**Work request**
Return an exact copy of the data, starting at its first line and ending at the line that contains "Temiz Nutraceuticals Fruits", minus any pictures.
------------------------------------------------------------------------
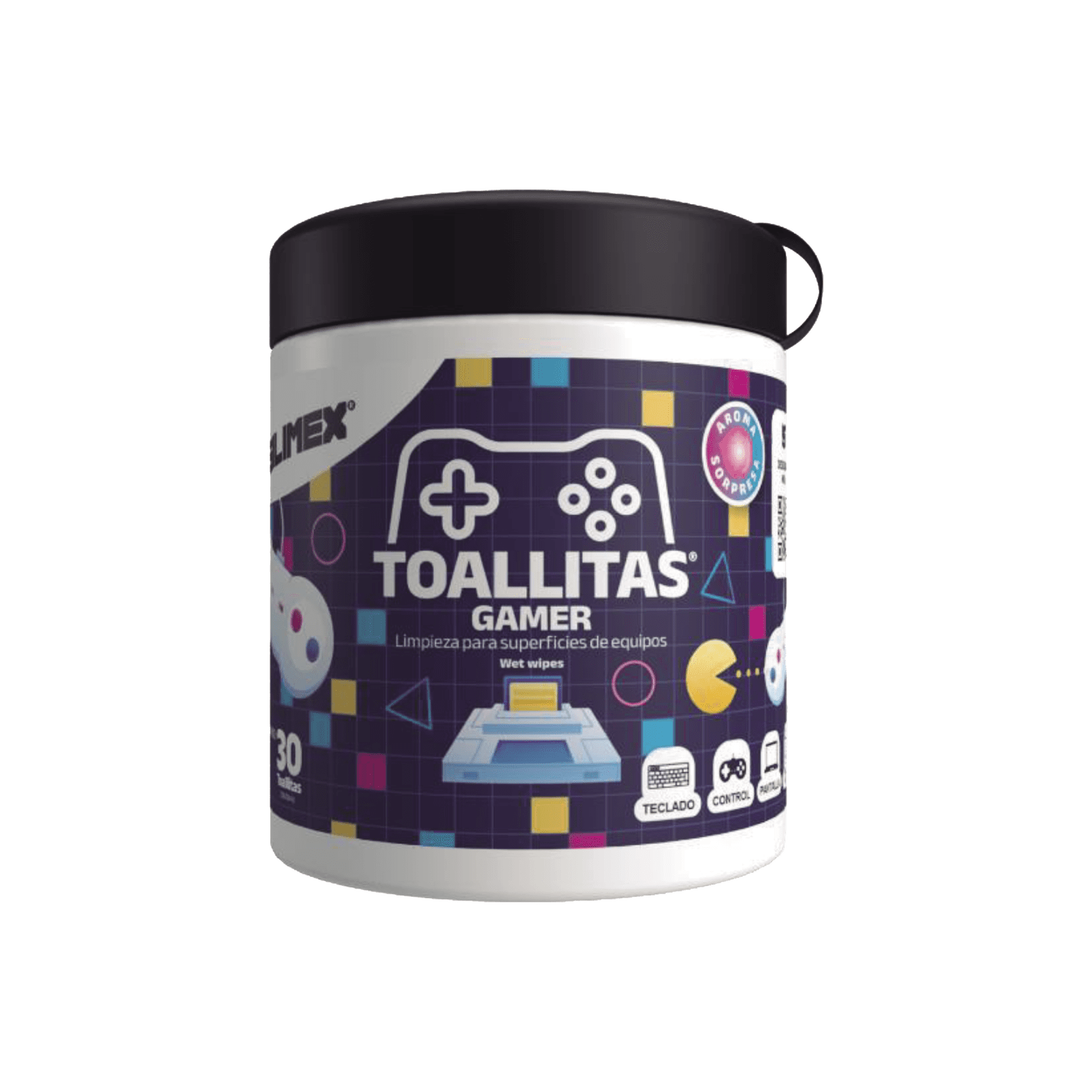 Toallitas Gamers, Excelente Opción Para Gamers que buscan Mantener sus Consolas y Accesorios en Perfecto Estado, Libres de Suciedad y Protegidos Contra Bacterias. TOALLITAS-GAMER - SILIMEX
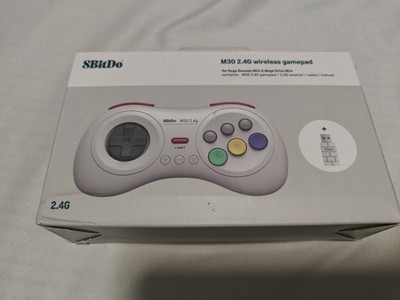 New 8Bitdo M30 Wireless Controller Bluetooth Sega Genesis Nintendo Switch White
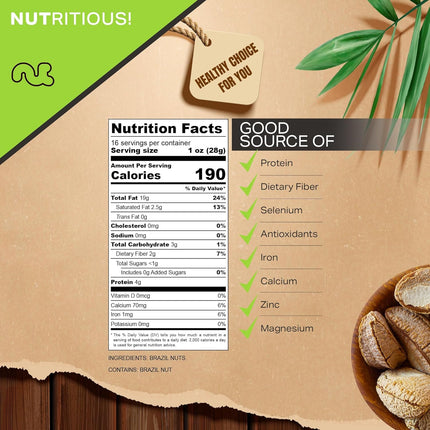 Raw Brazil Nuts In Shell - Whole, (16oz - 1 LB) Packed Fresh in Resealable Bag - Healthy Protein Food Snack, Food Assortments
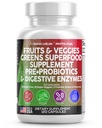 Temiz Nutraceuticals Fruits and Veggies Supplement Reds & Green Superfood - Probiyotiks Prebiyotiks Digestive Enzymes - 120 Ct USA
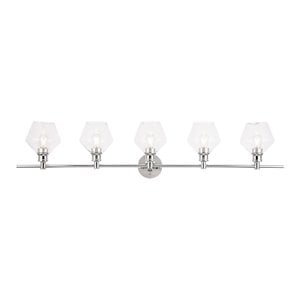 Living District Gene 5-Light Mid-Century Metal Wall Sconce in Chrome and Clear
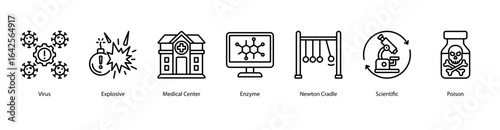 Virus, Risk and Toxicology web banner icon vector illustration featuring Virus, Explosive, Medical Center, Enzyme, Newton Cradle, Scientific, and Poison.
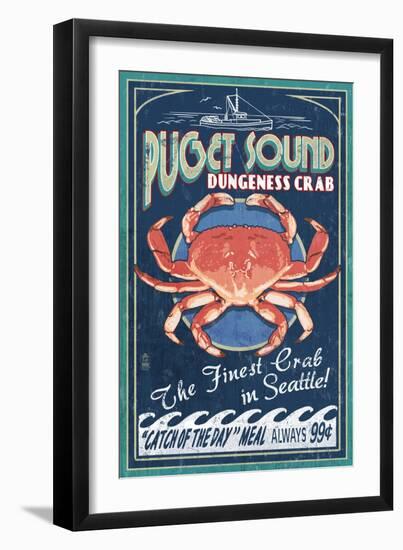 Puget Sound - Dungeness Crab-Lantern Press-Framed Premium Giclee Print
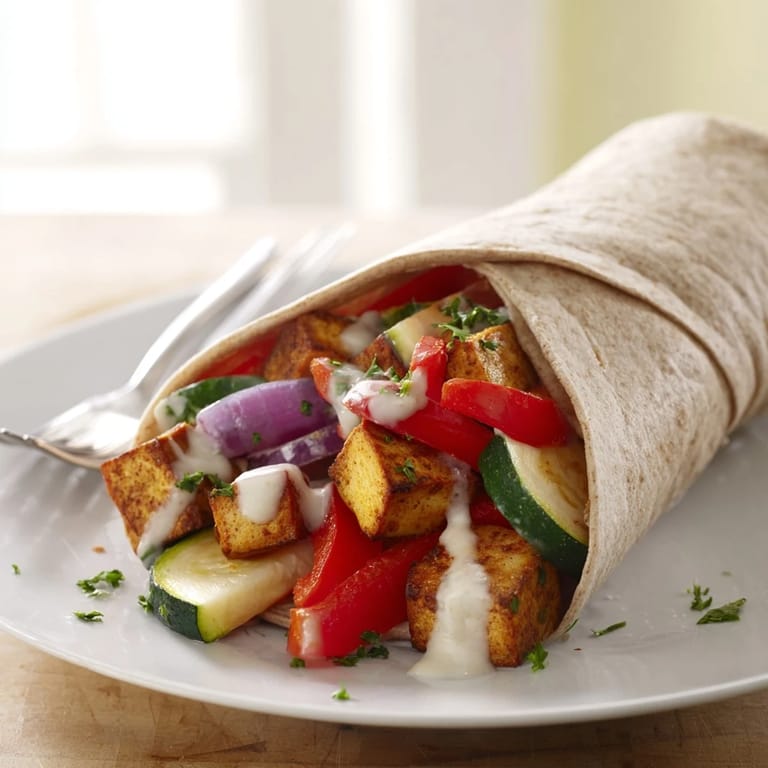 Savory vegan viral recipe re-make served in whole wheat wraps, drizzled with tahini sauce.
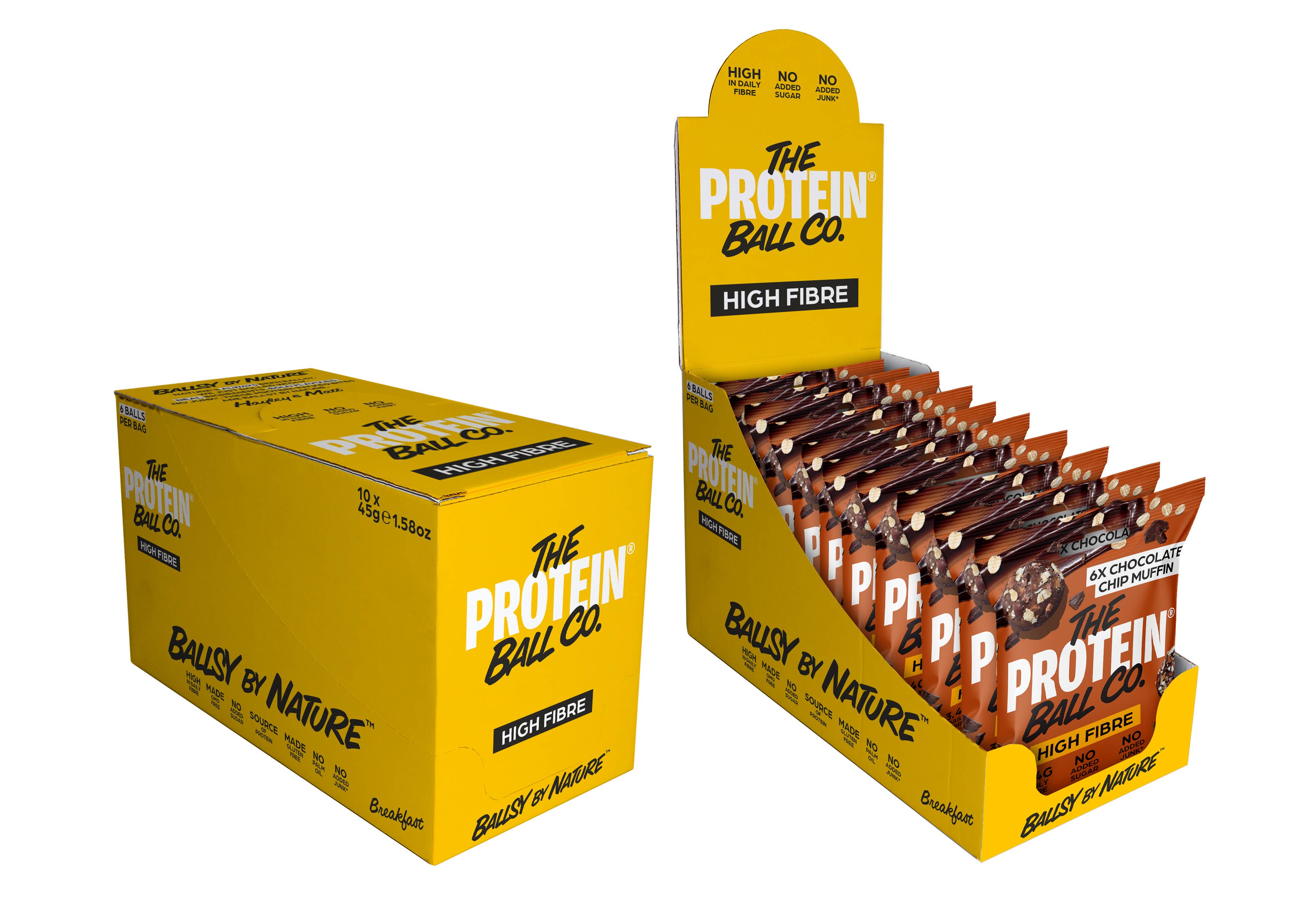 The Protein Ball Co - Wholesale Snack Bar - CHOCOLATE CHIP MUFFIN - High Fibre - Breakfast  10 x 45g2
------------------------------------------------------------------------
**Solved exercise**
 Toallitas Gamers, Excelente Opción Para Gamers que buscan Mantener sus Consolas y Accesorios en Perfecto Estado, Libres de Suciedad y Protegidos Contra Bacterias. TOALLITAS-GAMER - SILIMEX
 New 8Bitdo M30 Wireless Controller Bluetooth Sega Genesis Nintendo Switch White
 Raw Brazil Nuts In Shell - Whole, (16oz - 1 LB) Packed Fresh in Resealable Bag - Healthy Protein Food Snack, Food Assortments
 Temiz Nutraceuticals Fruits and Veggies Supplement Reds & Green Superfood - Probiyotiks Prebiyotiks Digestive Enzymes - 120 Ct USA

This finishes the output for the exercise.